In my considered opinion the 'right to register as a voter' is fundamental to our parliamentary system of government and is implicit in a number of Constitutional provisions including Section 41(2); 49(1); 50(1) and 53(1) which envisages amongst other functions of the Electoral Commission, 'the registration of voters for the election of members of the House of Representatives ..."
Similarly, the 'right to vote' is of the very essence of democracy and our parliamentary electoral system in which members of the House of Representatives are "... elected from among persons who are registered on (a) roll of voters ..." In my view, such a 'right' is implicit in Section 41(2), and explicit in Section 50 of the 1990 Constitution. Furthermore and contrary to the respondent's submission, the use of the word 'entitled' in the latter section does not belie the existence of the constitutional 'right', it is merely a convenient expression which recognises that there is no mandatory requirement that the 'right' must be exercised.
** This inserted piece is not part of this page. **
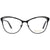 Monture de Lunettes Femme Emilio Pucci EP5085 53005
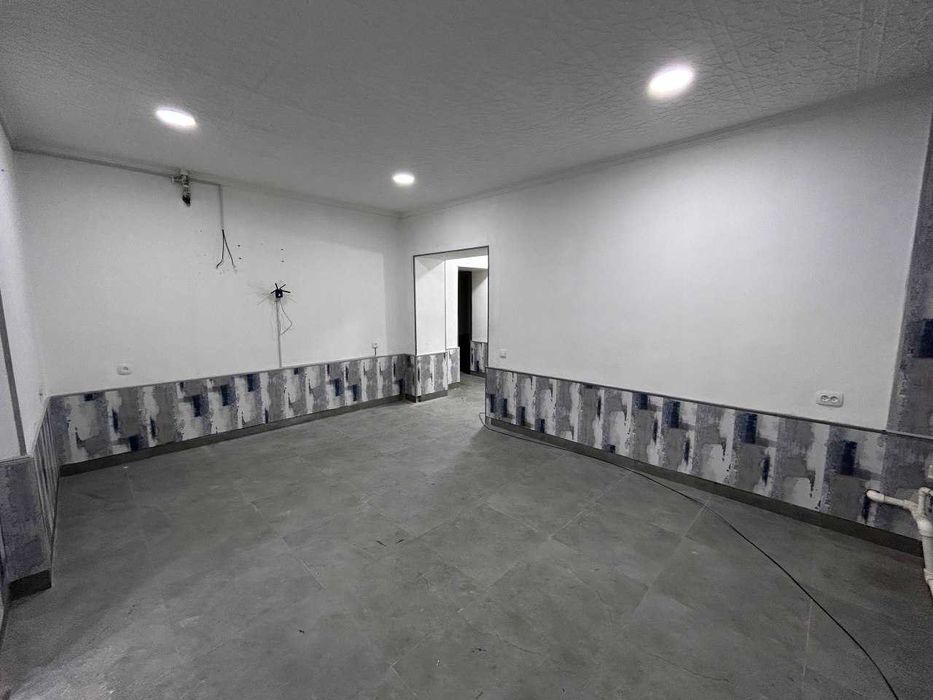 СРОЧНО продажа офиса в центре 135м ул. Моштабиб (ЛА)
As for the 'right to be a candidate' in parliamentary elections (to borrow the respondent's terminology) in addition to what this Court said in Butadroka v. The Attorney General and Anor. Civil Action 214 of 1992, this 'right' is implicit in the requirements of Sections 41(3) to (6) and is fortified by Sections 42(3) to (5) where the expressions: 'stand for election'; 'stand as a candidate'; and 'stand as a candidate for election as a member of the House of Representatives' appears.
That is not to say however that there can be no control or regulation of the above 'rights'. Parliamentary elections would prove unmanageable and chaotic in the absence of some form of organisation or regulatory process, but the supremacy of the Constitutional provisions and the 'rights' derived thereunder means that the regulations, devices and procedures that are put in place must necessarily safe-guard and promote those 'rights'.
Registration procedures should therefore, within the available resources, impose the least possible burden upon voters consistent with the achievement of two primary objectives namely, facilitating the enrolment of qualified voters and safe-guarding against the registration of unqualified voters.
Despite the absence of a requirement to hold a voter registration period, and perhaps seizing the opportunity to undertake an overdue nation-wide registration of voters, the respondent in the exercise of powers contained in Regulation 6(1) of the Electoral (Registration) Regulations 1991 published a general Notice in the Fiji Republic Gazette of the 3rd of April 1997:
"... calling upon every person who is duly qualified to be registered as a voter on a Parliamentary electoral roll and who is not already so registered to apply (Between April 7, 1977 and April 25, 1977) to the registration officer of the constituency in which you ordinarily reside to be registered as a voter ..."
At this stage it need only be observed that Regulation 6(2) of the Electoral (Registration) Regulations 1991 empowers the respondent, in his discretion: "(to)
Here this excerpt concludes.